New Mexico Cowboy Rufus Brown 45 years at Turkey Track Ranch

New Mexico Cowboy Rufus Brown 45 Years At Turkey Track Ranch

By John Bradshaw


MALJAMAR, N.M. — Rufus Brown never suffered the wanderlust that affects so many cowboys. He hired on at New Mexico’s Turkey Track Ranch as a teenager and did not quit until he retired.

Brown, the son of an oilfield man who traded horses and tack on the side, was raised in Artesia.

“He didn’t bring in many broncs,” Brown said of his father. “They were just good, gentle horses.”

At 14 years old, Brown began breaking horses for a couple local horse traders who brought in all types. These traders were Burt Newberry and Buck Pounds.

“Buck used to buy horses from everywhere,” Brown said. “I’d ride horses for him and kind of knock the edge off them.
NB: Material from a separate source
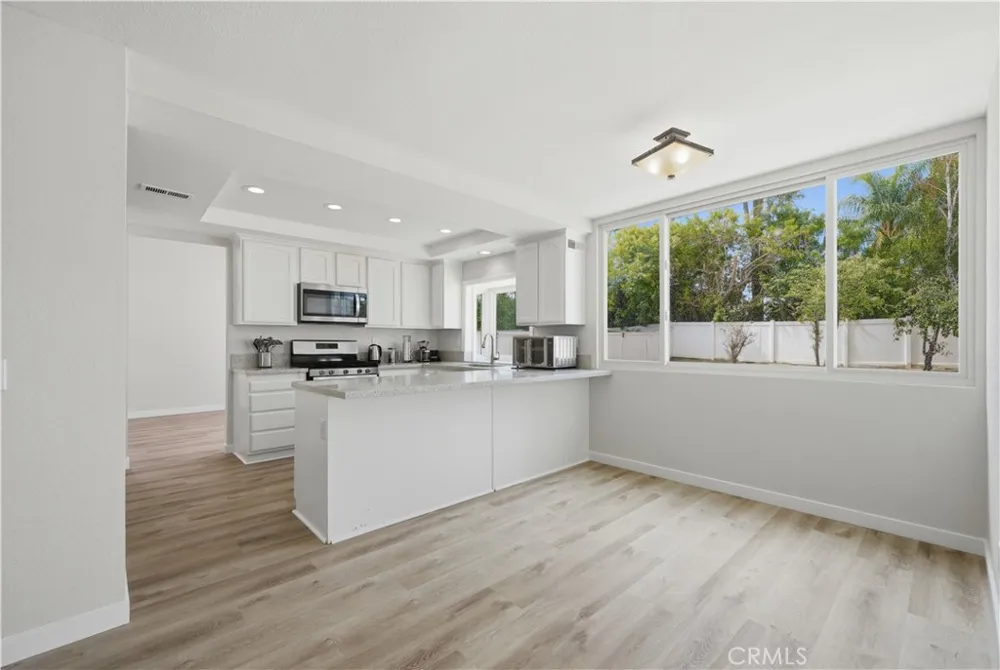 42018 Avenida Vista Ladera Temecula, CA 92591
If he took them to a sale, he’d pay me to ride them through the sale ring.”

Burt Newberry bought horses from area reservations, mainly the Mescalero, Navajo and Jicarilla Reservations. Newberry bought these wild horses in bobtail truckloads and brought them back for Brown to break.

“I’d break those horses, then we’d take them to Roswell or El Paso and sell them,” Brown said.

Those horses Newberry bought off the reservations were typically two to four years old, and most were not very big. When it was time to break those reservation horses, they loaded them in the bobtail truck and hauled them to some stout railroad pens made of crossties and two-by-twelves.

The horses were wild enough that if one was sorted off it would panic and run into the fence or try to jump out. So, Newberry and Brown kept all the horses together, and then Newberry would go in horseback and rope one of them. Brown would then let the others into an adjoining corral.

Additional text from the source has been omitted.